Au Liban, la mobilisation fait grincer quelques dents

Le mouvement de solidarité a suscité la controverse à Beyrouth, certains dénonçant une société «hypocrite» plus prompte à se mobiliser pour la France que pour son pays.
publié le 11 janvier 2015 à 19h46

Dimanche en fin d'après-midi, plusieurs centaines de personnes se sont rassemblées «en hommage à Charlie Hebdo» au square Samir-Kassir, autour de la statue du journaliste libanais assassiné en 2005. Si quelques pancartes n'évitaient pas la récupération politique, la plupart respectaient le mot d'ordre de la mobilisation. «Je suis la liberté d'expression meurtrie», «Je pense donc je dessine», ou, plus sobrement, «Je suis Charlie». Ayman Mhanna, fondateur de la Fondation Samir-Kassir, avait fermement rappelé les consignes avant le rassemblement. «La manifestation sera silencieuse. Quelles que soient les différences d'opinions, elle réunira ceux qui croient que la liberté d'expression ne doit jamais être réduite au silence par le meurtre.» Pour lever tout malentendu.
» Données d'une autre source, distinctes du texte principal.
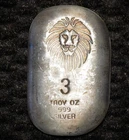 Lion's head TONED 3oz 999 FINE Silver round bar ingot C6808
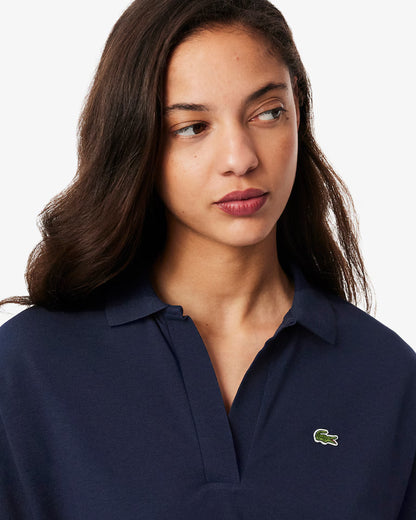 LACOSTE Polo Donna Relaxed fit in Piqué fluido manica corta Blu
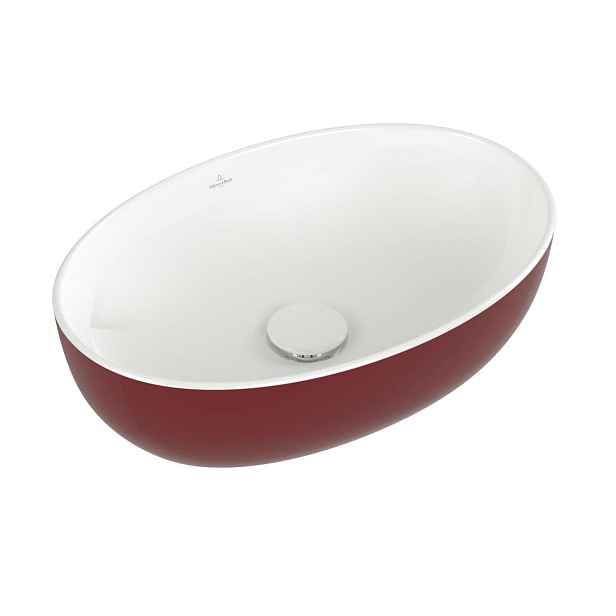 Villeroy & Boch Artis - Umyvadlo na desku, 49x33 cm, bez přepadu, bez otvoru pro baterii, Bordeaux 438848BCS9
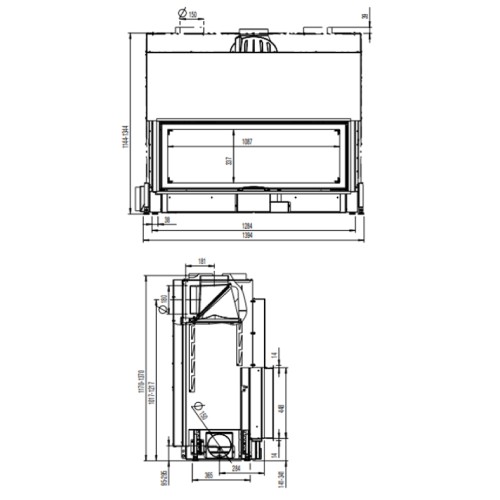 Insert bois Austroflamm 120x45 S 2.0 | 13 kW, porte coulissante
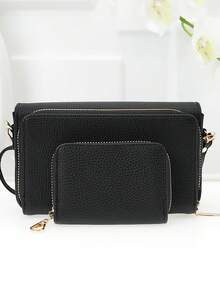 MINGYOU New Mini Crossbody Wallet, Fashion Embroidery, Soft Double Zipper, Multifunctional Large Capacity Phone Bag, Sweet Cute Refined Ladies Young Student Crossbody Bag, Suitable For Shopping, Dating, Gift - Black - View 9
Opportunisme. Car depuis l'annonce de la manifestation, et l'utilisation par les Libanais du hashtag «Je suis Charlie», la controverse enflamme la Toile. «Je suis Beyrouth and I'm more damaged than Charlie», clame un autre hashtag dénonçant l'opportunisme de certains Libanais qui préfèrent se mobiliser pour des causes extérieures. «Ils sont incapables de manifester pour leurs propres frères, pour leurs soldats pris en otage ou pour leurs journalistes ou politiciens assassinés. Et soudain, ils se mobilisent pour Charlie Hebdo ? Quelle hypocrisie», lâche Hatem al-Khalil, 31 ans. «Chaque jour, des enfants syriens meurent de froid dans notre pays et personne ne réagit», lance pour sa part Nay al-Rahi, 29 ans. Depuis deux jours se répand aussi «Je suis Jabal Mohsen», en référence à l'attentat-suicide revendiqué par le Front al-Nusra, qui a visé samedi soir ce quartier alaouite de Tripoli et a fait neuf morts. «La moitié des Français devraient écrire ce hashtag sur Facebook !» écrit ironiquement Safaa.
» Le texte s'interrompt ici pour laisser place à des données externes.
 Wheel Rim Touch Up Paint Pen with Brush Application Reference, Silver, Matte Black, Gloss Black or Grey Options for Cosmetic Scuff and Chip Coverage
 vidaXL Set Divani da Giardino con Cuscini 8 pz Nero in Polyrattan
D'autres voix ont vu au contraire dans l'appropriation de «Je suis Charlie» un geste salutaire. «C'est l'occasion pour les Libanais de se rassembler autour de la défense de la liberté d'expression, qui est si importante dans notre pays et dans le monde arabe, tellement elle est bafouée», argumente Ali Noureddine, 25 ans. «Apprenons des Français, plutôt que de leur donner des leçons de liberté ou de contre-terrorisme, s'agace le blogueur Najib Mitri dans Blog Baladi. La France se lève comme un seul homme contre le meurtre de quatre journalistes controversés, alors que nous sommes incapables de rassembler quelques milliers de personnes quand nos journalistes se font assassiner, ou pour protester contre les violences faites aux femmes ou la prorogation illégale du mandat des députés.»
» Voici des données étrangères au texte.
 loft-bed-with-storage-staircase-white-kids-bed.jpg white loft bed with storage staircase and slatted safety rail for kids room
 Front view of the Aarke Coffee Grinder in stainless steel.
«Aucun tabou». Plus largement, le terme même de défense de la liberté d'expression était au cœur des débats. «Insulter la minorité musulmane, qui a été déjà opprimée pendant des décennies de colonialisme, en publiant sur elle une série de clichés ne relève pas de la liberté d'expression», estime ainsi un activiste qui se fait appeler Georges Abdallah, du nom du militant communiste libanais condamné pour des attentats commis en France. «La liberté d'expression c'est le droit de tout dire, de n'avoir aucun tabou, conteste le journaliste Salim al-Lawzi. C'est pouvoir se moquer de Hassan Nasrallah [le leader du Hezbollah, ndlr] du pape, de Jésus ou du Prophète. C'est un droit vital.»

Les protestations sur la Toile ont aussi pris une dimension religieuse, ravivant le débat sur les caricatures de Mahomet qui avait embrasé Beyrouth en février 2006, entraînant l'incendie de l'ambassade du Danemark par des milliers de manifestants survoltés. Le leader du Hezbollah a pourtant condamné, il y a trois jours, le massacre à Charlie Hebdo : «A travers leurs actes immondes, violents et inhumains, les groupes takfiristes ont porté atteinte au Prophète et aux musulmans plus que ne l'ont fait leurs ennemis […], plus que les livres, les films et les caricatures ayant injurié le Prophète.»